**MATERIAL PROVIDED**
· · · ·

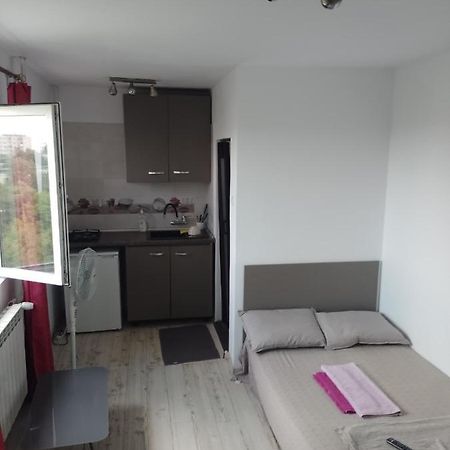Metrou 1 Decembrie 1918 Apartment Bucharest Luaran gambar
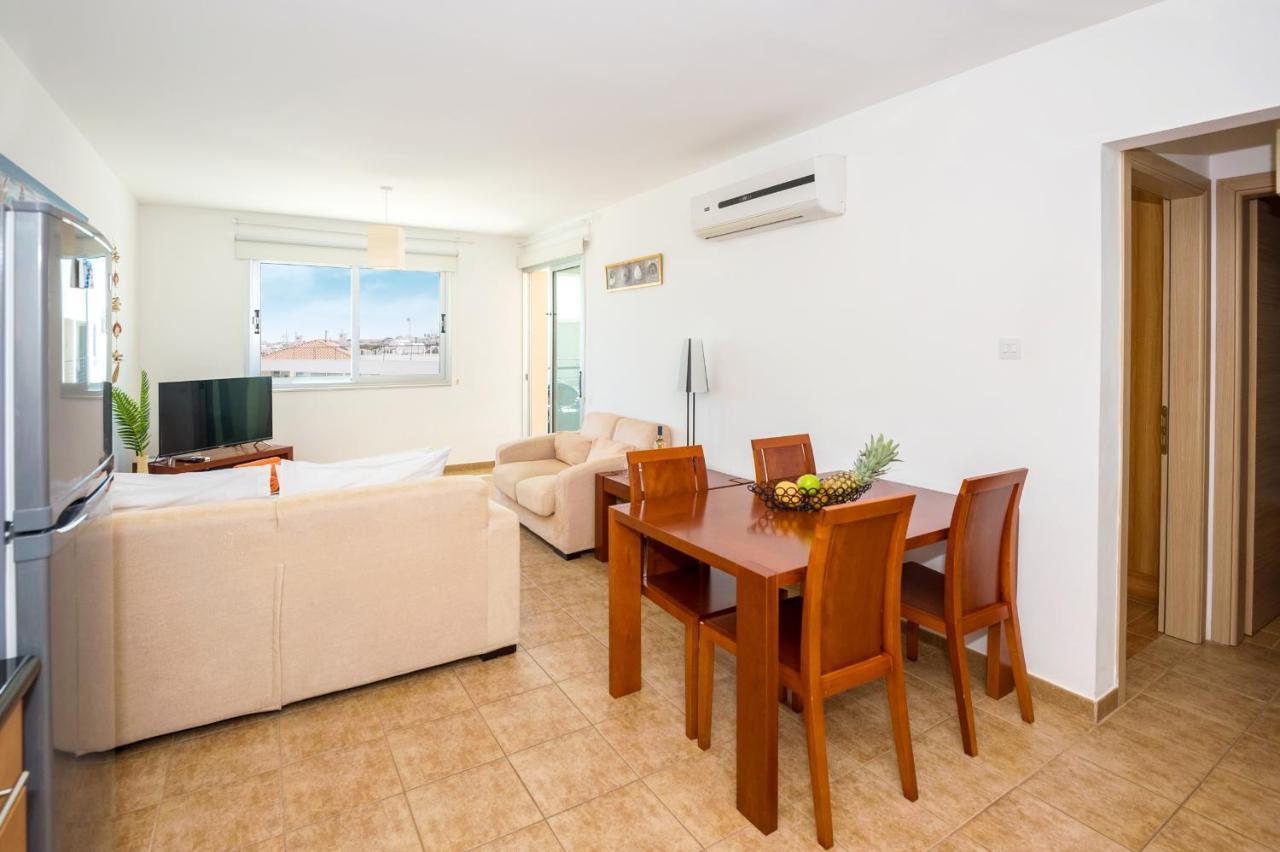 פאראלימני Seabreeze Apartment 200M Away From The Sea מראה חיצוני תמונה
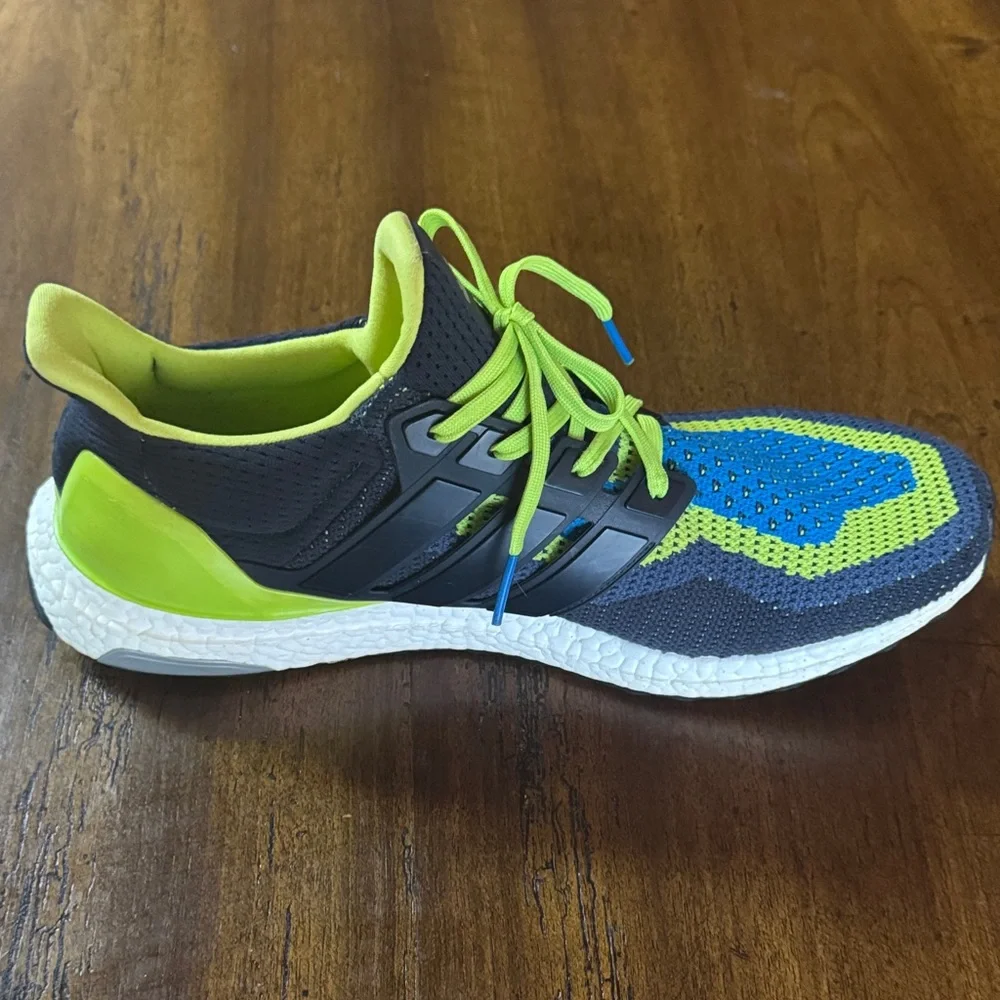 adidas vibrant sneakers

· · · ·

**WHAT YOU NEED TO DO**
Output a faithful copy of the data, with each picture left out.

**RESPONSE TO THE EXERCISE**
Metrou 1 Decembrie 1918 Apartment Bucharest Luaran gambar
 פאראלימני Seabreeze Apartment 200M Away From The Sea מראה חיצוני תמונה
 adidas vibrant sneakers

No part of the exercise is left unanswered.